Data extracted from a collection
* * * *
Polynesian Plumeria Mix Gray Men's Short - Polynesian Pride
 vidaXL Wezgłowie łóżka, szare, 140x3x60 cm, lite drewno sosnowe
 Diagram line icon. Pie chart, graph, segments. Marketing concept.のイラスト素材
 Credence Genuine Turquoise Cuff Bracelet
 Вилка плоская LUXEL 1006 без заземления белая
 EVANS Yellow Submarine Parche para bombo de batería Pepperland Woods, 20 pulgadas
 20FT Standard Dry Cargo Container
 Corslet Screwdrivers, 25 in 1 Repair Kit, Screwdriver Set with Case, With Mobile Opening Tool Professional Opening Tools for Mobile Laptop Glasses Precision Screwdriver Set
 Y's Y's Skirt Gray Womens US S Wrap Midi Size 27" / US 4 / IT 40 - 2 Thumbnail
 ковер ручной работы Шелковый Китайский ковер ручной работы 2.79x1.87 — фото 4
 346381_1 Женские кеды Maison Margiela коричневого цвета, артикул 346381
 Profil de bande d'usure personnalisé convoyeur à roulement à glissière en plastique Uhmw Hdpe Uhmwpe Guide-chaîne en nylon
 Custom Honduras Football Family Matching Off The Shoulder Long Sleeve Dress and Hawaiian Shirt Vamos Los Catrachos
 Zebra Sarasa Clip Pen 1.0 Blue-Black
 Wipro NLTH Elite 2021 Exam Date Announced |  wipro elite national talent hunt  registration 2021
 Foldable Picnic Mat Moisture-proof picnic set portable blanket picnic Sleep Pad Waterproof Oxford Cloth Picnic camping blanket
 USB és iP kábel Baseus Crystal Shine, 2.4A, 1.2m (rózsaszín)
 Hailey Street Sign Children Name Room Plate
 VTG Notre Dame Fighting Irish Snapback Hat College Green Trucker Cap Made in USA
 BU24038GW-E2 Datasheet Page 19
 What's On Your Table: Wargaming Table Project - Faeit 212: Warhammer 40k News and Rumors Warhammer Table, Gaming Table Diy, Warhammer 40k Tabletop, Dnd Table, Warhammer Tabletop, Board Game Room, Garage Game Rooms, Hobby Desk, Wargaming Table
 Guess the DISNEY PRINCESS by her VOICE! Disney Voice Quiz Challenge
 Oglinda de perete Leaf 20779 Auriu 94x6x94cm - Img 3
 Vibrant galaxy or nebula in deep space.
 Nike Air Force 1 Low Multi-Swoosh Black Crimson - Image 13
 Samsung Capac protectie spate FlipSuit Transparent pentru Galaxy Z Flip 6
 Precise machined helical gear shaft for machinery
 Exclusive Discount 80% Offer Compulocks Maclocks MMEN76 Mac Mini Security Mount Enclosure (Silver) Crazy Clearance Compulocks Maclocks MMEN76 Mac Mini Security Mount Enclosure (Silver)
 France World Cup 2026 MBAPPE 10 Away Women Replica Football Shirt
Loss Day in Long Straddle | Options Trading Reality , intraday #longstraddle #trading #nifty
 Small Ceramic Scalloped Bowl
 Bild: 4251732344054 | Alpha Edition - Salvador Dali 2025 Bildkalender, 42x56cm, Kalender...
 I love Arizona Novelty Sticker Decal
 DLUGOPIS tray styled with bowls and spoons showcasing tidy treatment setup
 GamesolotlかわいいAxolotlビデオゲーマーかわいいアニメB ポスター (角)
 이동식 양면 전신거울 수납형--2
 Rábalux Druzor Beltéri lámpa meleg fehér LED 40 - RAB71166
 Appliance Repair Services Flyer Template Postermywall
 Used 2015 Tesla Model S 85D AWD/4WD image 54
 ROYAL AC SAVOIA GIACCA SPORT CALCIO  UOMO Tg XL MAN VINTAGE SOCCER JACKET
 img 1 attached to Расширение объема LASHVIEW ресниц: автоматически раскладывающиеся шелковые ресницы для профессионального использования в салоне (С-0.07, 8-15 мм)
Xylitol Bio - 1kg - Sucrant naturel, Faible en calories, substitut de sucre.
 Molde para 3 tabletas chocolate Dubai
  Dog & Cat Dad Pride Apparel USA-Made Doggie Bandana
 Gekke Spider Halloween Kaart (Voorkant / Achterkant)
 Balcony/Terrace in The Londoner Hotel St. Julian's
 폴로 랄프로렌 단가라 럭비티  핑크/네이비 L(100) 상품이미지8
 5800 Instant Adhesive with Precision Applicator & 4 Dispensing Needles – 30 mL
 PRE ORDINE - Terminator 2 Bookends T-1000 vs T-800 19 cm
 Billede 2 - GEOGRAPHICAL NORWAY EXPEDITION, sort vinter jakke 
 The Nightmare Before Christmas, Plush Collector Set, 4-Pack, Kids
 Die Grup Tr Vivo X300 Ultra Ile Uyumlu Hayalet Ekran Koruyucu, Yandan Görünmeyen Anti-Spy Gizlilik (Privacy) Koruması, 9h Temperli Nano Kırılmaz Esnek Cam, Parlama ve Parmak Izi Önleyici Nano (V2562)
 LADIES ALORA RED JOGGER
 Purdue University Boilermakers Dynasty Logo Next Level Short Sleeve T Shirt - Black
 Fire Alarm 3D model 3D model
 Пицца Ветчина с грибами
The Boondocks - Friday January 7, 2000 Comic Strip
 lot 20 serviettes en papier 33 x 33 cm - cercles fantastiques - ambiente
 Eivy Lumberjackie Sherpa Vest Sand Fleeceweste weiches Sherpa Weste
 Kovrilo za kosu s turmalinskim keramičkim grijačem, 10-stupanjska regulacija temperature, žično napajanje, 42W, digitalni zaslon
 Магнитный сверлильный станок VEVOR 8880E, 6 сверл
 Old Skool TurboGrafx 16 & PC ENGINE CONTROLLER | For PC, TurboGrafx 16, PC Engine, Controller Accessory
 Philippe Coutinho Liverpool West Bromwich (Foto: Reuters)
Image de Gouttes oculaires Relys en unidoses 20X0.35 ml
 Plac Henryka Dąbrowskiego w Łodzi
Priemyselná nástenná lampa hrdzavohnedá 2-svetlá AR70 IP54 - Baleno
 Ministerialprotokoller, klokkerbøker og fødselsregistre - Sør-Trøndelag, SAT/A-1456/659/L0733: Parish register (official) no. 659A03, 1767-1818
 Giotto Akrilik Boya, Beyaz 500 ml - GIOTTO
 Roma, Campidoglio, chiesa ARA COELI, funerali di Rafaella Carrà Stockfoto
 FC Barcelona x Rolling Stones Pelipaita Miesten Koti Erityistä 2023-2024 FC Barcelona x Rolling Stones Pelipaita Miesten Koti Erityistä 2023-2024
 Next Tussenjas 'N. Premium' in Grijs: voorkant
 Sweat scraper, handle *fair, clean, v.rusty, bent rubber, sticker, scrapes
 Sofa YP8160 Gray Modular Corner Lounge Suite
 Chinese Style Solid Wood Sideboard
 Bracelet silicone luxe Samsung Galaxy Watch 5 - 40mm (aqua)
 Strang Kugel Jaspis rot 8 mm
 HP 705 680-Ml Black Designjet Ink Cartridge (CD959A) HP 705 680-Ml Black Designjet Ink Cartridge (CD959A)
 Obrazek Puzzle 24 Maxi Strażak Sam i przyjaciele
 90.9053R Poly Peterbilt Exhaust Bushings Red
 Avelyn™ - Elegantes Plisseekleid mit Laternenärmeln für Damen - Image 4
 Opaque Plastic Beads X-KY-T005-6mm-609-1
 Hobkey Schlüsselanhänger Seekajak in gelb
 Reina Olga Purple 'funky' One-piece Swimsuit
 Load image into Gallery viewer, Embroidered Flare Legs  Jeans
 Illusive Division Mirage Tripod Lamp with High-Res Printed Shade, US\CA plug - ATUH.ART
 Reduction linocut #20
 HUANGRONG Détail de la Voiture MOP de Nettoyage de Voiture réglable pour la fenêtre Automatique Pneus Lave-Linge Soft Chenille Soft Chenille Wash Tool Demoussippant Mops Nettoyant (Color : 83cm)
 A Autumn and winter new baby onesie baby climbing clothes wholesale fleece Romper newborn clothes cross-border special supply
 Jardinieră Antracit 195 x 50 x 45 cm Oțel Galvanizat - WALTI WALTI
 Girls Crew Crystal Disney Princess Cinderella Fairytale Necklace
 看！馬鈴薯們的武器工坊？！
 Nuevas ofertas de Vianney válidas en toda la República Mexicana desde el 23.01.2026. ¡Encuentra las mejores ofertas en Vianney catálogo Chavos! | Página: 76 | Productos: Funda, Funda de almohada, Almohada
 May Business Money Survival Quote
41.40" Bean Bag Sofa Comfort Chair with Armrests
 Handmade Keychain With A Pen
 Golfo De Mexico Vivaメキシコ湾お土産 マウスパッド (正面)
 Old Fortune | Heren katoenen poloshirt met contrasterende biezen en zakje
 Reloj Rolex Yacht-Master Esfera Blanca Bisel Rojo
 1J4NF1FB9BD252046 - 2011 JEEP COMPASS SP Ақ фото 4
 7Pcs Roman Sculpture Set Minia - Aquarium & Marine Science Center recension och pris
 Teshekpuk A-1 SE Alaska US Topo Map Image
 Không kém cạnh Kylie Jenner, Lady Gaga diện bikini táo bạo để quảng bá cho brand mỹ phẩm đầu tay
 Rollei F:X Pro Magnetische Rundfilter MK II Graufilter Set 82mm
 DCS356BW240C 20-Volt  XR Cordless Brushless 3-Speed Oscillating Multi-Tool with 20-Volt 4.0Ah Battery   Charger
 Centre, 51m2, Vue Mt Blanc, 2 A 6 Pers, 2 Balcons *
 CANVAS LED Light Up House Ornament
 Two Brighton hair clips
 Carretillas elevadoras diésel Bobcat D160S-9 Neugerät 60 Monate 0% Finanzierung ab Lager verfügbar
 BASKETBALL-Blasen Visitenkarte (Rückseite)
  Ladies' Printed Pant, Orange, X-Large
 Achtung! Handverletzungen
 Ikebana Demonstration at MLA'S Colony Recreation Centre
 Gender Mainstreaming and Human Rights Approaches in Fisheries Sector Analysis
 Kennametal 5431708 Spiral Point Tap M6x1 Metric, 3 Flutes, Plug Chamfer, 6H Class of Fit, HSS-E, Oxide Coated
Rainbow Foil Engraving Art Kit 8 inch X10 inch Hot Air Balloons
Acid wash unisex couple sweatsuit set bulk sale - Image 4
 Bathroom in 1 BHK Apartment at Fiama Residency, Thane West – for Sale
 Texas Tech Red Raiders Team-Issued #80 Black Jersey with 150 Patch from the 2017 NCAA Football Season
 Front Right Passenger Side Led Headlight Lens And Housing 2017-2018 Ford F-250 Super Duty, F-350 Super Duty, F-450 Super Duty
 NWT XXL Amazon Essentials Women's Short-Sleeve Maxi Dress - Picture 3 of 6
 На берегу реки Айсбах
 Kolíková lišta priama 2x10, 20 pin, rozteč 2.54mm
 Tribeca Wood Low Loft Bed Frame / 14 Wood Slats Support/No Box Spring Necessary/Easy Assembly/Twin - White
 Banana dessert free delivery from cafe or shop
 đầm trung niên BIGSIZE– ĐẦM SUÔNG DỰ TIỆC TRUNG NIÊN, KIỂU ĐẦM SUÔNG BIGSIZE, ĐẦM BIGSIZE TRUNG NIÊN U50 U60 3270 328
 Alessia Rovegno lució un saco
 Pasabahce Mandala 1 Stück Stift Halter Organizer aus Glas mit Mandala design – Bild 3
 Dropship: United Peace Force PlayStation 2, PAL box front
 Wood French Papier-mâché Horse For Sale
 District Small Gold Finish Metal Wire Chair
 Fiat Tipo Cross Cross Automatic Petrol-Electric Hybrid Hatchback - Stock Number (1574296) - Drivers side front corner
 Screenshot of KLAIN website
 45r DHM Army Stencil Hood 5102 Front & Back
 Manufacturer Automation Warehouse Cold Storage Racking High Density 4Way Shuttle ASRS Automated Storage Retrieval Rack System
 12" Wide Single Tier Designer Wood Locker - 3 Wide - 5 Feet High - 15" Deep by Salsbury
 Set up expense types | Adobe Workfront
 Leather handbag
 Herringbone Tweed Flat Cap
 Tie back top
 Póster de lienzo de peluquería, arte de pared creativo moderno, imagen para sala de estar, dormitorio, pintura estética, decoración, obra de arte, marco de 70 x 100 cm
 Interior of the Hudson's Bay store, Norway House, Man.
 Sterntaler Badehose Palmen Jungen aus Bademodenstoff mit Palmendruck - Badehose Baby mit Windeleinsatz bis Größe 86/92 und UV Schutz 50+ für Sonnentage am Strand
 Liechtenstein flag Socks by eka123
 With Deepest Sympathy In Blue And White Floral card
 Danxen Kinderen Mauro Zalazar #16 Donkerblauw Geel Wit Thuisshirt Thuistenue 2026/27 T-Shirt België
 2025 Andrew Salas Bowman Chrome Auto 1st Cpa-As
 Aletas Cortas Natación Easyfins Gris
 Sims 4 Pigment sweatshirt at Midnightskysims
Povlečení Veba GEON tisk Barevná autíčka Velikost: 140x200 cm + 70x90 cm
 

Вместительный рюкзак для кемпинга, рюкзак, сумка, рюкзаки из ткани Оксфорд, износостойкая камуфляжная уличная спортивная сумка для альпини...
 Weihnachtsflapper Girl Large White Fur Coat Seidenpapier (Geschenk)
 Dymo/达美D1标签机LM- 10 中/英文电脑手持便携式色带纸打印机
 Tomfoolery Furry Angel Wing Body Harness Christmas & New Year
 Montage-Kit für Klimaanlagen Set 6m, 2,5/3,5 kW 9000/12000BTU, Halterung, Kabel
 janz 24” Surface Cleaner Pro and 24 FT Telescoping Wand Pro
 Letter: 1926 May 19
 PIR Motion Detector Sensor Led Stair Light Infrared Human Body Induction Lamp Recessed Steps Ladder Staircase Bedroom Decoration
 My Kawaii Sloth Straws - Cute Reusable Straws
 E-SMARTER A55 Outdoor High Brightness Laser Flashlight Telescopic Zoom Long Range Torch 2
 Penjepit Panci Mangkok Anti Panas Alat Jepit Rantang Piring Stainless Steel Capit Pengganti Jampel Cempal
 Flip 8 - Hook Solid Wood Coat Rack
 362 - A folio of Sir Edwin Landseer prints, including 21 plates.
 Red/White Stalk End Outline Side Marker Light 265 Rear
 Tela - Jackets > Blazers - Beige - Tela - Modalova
* * * *
Activity:
The response must hold only the lines above from the line with "Hailey Street Sign Children Name Room Plate" through the line with "Nike Air Force", each copied exactly, both ends kept.

Output of the task:
 Hailey Street Sign Children Name Room Plate
 VTG Notre Dame Fighting Irish Snapback Hat College Green Trucker Cap Made in USA
 BU24038GW-E2 Datasheet Page 19
 What's On Your Table: Wargaming Table Project - Faeit 212: Warhammer 40k News and Rumors Warhammer Table, Gaming Table Diy, Warhammer 40k Tabletop, Dnd Table, Warhammer Tabletop, Board Game Room, Garage Game Rooms, Hobby Desk, Wargaming Table
 Guess the DISNEY PRINCESS by her VOICE! Disney Voice Quiz Challenge
 Oglinda de perete Leaf 20779 Auriu 94x6x94cm - Img 3
 Vibrant galaxy or nebula in deep space.
 Nike Air Force 1 Low Multi-Swoosh Black Crimson - Image 13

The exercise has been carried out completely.